[Brief descriptive captions]
::::::::

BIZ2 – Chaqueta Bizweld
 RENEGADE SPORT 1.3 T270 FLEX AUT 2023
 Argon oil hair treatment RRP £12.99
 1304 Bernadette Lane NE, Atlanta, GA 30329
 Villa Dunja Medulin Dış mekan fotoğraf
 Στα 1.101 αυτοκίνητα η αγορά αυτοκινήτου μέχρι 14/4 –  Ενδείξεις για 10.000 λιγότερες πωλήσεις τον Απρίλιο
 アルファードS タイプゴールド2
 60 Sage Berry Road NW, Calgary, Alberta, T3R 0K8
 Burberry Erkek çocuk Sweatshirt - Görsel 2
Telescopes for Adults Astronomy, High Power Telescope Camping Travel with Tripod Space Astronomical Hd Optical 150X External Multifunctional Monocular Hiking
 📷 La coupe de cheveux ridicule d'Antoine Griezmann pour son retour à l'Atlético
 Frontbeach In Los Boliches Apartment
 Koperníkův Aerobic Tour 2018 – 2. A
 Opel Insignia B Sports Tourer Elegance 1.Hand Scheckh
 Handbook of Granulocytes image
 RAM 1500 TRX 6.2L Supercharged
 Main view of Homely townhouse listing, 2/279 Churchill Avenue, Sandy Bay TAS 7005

::::::::

◆ **Problem to solve**: Between the first line of the entries above and the line with "retour à l'Atlético", both included, copy every line exactly and nothing outside that range.

◆ **Answer space**:
BIZ2 – Chaqueta Bizweld
 RENEGADE SPORT 1.3 T270 FLEX AUT 2023
 Argon oil hair treatment RRP £12.99
 1304 Bernadette Lane NE, Atlanta, GA 30329
 Villa Dunja Medulin Dış mekan fotoğraf
 Στα 1.101 αυτοκίνητα η αγορά αυτοκινήτου μέχρι 14/4 –  Ενδείξεις για 10.000 λιγότερες πωλήσεις τον Απρίλιο
 アルファードS タイプゴールド2
 60 Sage Berry Road NW, Calgary, Alberta, T3R 0K8
 Burberry Erkek çocuk Sweatshirt - Görsel 2
Telescopes for Adults Astronomy, High Power Telescope Camping Travel with Tripod Space Astronomical Hd Optical 150X External Multifunctional Monocular Hiking
 📷 La coupe de cheveux ridicule d'Antoine Griezmann pour son retour à l'Atlético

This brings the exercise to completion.